EconML
EconML copied to clipboard
True TE estimates in customer segmentation example
Hi, I have a couple of questions for Case Study - Customer Segmentation at An Online Media Company
- In the true te estimate part, why was it not just gamma_fn(X) but instead price*gamma_fn(X)/demand? Because I see the formula in DGP is Y = gamma(X).T + beta(X,W), then I presume gamma(X) is the CATE.
- How should we actually interpret the CATE(X) when the Y and T were log transformed? As I understand, The CATE(X) interpretation when using raw Y and T is for example CATE 0.3 means that on certain X value, the Y will change by 0.3 with the change in treatment. I'm not sure with the log transformation being used here.
I appreciate your responses. Thanks!
have you figured out? I have the same question
To make the example realistic, we use a mis-specified model (where the functional form of what we're estimating does not exactly match the data-generating process).
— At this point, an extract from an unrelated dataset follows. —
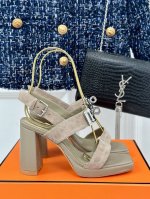 厂价 HermèS 爱马仕经典金属锁 扣防水台粗跟高跟凉鞋 极约复古的设计 浓厚的异域风情 时髦感十足、随便上脚都很有腔调 简简单单的款式随便搭配一下高级感就很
We take the log transform of price and demand so that the treatment effect that we calculate is the price-elasticity of demand, which is basically the percentage change in demand that results from a percentage change in price and which is frequently used in pricing applications.
However, because this model is mis-specified, there is no simple linear relationship between log(Y) and log(T): log(Y)=log(gamma(X).T+beta(X,W)), which can't be rewritten as log(T)*theta(X)+f(X,W). However, for small changes around the typical price, hopefully a linear approximation will be reasonable. In general, ∂log(Y)/∂log(T)=∂Y/∂T * (T/Y), so the true treatment effect in the transformed system will be gamma(X)*T/Y, which is our ground truth that we hope to recover.
Does that help?
And just to be even more explicit - the true treatment effect really is gamma(X)*T/Y (this is not an approximation); the issue with our mis-specified model is that we are assuming that the true treatment effect is a function of only X, which is not the case here - because of how T and Y enter this expression, the true treatment effect depends on not only X but also T and W, and so for a given value of X we can average this expression over our data (or compute other quantities related to the distribution, such as 5th and 95th quantiles), but we won't have only a single CATE for any given X which we would if our model were correctly specified.